A common pitfall sysadmins run into when setting up monitoring systems is to alert on too many things. These days, it's simple to monitor just about any aspect of a server's health, so it's tempting to overload your monitoring system with all kinds of system checks. One of the main ongoing maintenance tasks for any monitoring system is setting appropriate alert thresholds to reduce false positives. This means the more checks you have in place, the higher the maintenance burden. As a result, I have a few different rules I apply to my monitoring checks when determining thresholds for notifications.
Critical alerts must be something I want to be woken up about at 3am.
A common cause of sysadmin burnout is being woken up with alerts for systems that don't matter. If you don't have a 24x7 international development team, you probably don't care if the build server has a problem at 3am, or even if you do, you probably are going to wait until the morning to fix it. By restricting critical alerts to just those systems that must be online 24x7, you help reduce false positives and make sure that real problems are addressed quickly.
Critical alerts must be actionable.
Some organizations send alerts when just about anything happens on a system. If I'm being woken up at 3am, I want to have a specific action plan associated with that alert so I can fix it. Again, too many false positives will burn out a sysadmin that's on call, and nothing is more frustrating than getting woken up with an alert that you can't do anything about. Every critical alert should have an obvious action plan the sysadmin can follow to fix it.
Warning alerts tell me about problems that will be critical if I don't fix them.
There are many problems on a system that I may want to know about and may want to investigate, but they aren't worth getting out of bed at 3am. Warning alerts don't trigger a pager, but they still send me a quieter notification. For instance, if load, used disk space or RAM grows to a certain point where the system is still healthy but if left unchecked may not be, I get a warning alert so I can investigate when I get a chance. On the other hand, if I got only a warning alert, but the system was no longer responding, that's an indication I may need to change my alert thresholds.
Repeat warning alerts periodically.
I think of warning alerts like this thing nagging at you to look at it and fix it during the work day. If you send warning alerts too frequently, they just spam your inbox and are ignored, so I've found that spacing them out to alert every hour or so is enough to remind me of the problem but not so frequent that I ignore it completely.
Everything else is monitored, but doesn't send an alert.
There are many things in my monitoring system that help provide overall context when I'm investigating a problem, but by themselves, they aren't actionable and aren't anything I want to get alerts about. In other cases, I want to collect metrics from my systems to build trending graphs later. I disable alerts altogether on those kinds of checks. They still show up in my monitoring system and provide a good audit trail when I'm investigating a problem, but they don't page me with useless notifications.
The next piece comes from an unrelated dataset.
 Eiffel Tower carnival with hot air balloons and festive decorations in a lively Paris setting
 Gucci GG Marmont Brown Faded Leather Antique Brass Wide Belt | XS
One final note about alert thresholds: I've developed a practice in my years as a sysadmin that I've found is important enough as a way to reduce burnout that I take it with me to every team I'm on. My rule is this:
If sysadmins were kept up during the night because of false alarms, they can clear their projects for the next day and spend time tuning alert thresholds so it doesn't happen again.
There is nothing worse than being kept up all night because of false positive alerts and knowing that the next night will be the same and that there's nothing you can do about it. If that kind of thing continues, it inevitably will lead either to burnout or to sysadmins silencing their pagers. Setting aside time for sysadmins to fix false alarms helps, because they get a chance to improve their night's sleep the next night. As a team lead or manager, sometimes this has meant that I've taken on a sysadmin's tickets for them during the day so they can fix alerts.
Sending an alert often is referred to as paging or being paged, because in the past, sysadmins, like doctors, carried pagers on them. Their monitoring systems were set to send a basic numerical alert to the pager when there was a problem, so that sysadmins could be alerted even when they weren't at a computer or when they were asleep. Although we still refer to it as paging, and some older-school teams still pass around an actual pager, these days, notifications more often are handled by alerts to mobile phones.
The first question you need to answer when you set up alerting is what method you will use for notifications. When you are deciding how to set up pager notifications, look for a few specific qualities.
Something that will alert you wherever you are geographically.
A number of cool office projects on the web exist where a broken software build triggers a big red flashing light in the office. That kind of notification is fine for office-hour alerts for non-critical systems, but it isn't appropriate as a pager notification even during the day, because a sysadmin who is in a meeting room or at lunch would not be notified. These days, this generally means some kind of notification needs to be sent to your phone.
An alert should stand out from other notifications.
False alarms can be a big problem with paging systems, as sysadmins naturally will start ignoring alerts. Likewise, if you use the same ringtone for alerts that you use for any other email, your brain will start to tune alerts out. If you use email for alerts, use filtering rules so that on-call alerts generate a completely different and louder ringtone from regular emails and vibrate the phone as well, so you can be notified even if you silence your phone or are in a loud room. In the past, when BlackBerries were popular, you could set rules such that certain emails generated a “Level One” alert that was different from regular email notifications.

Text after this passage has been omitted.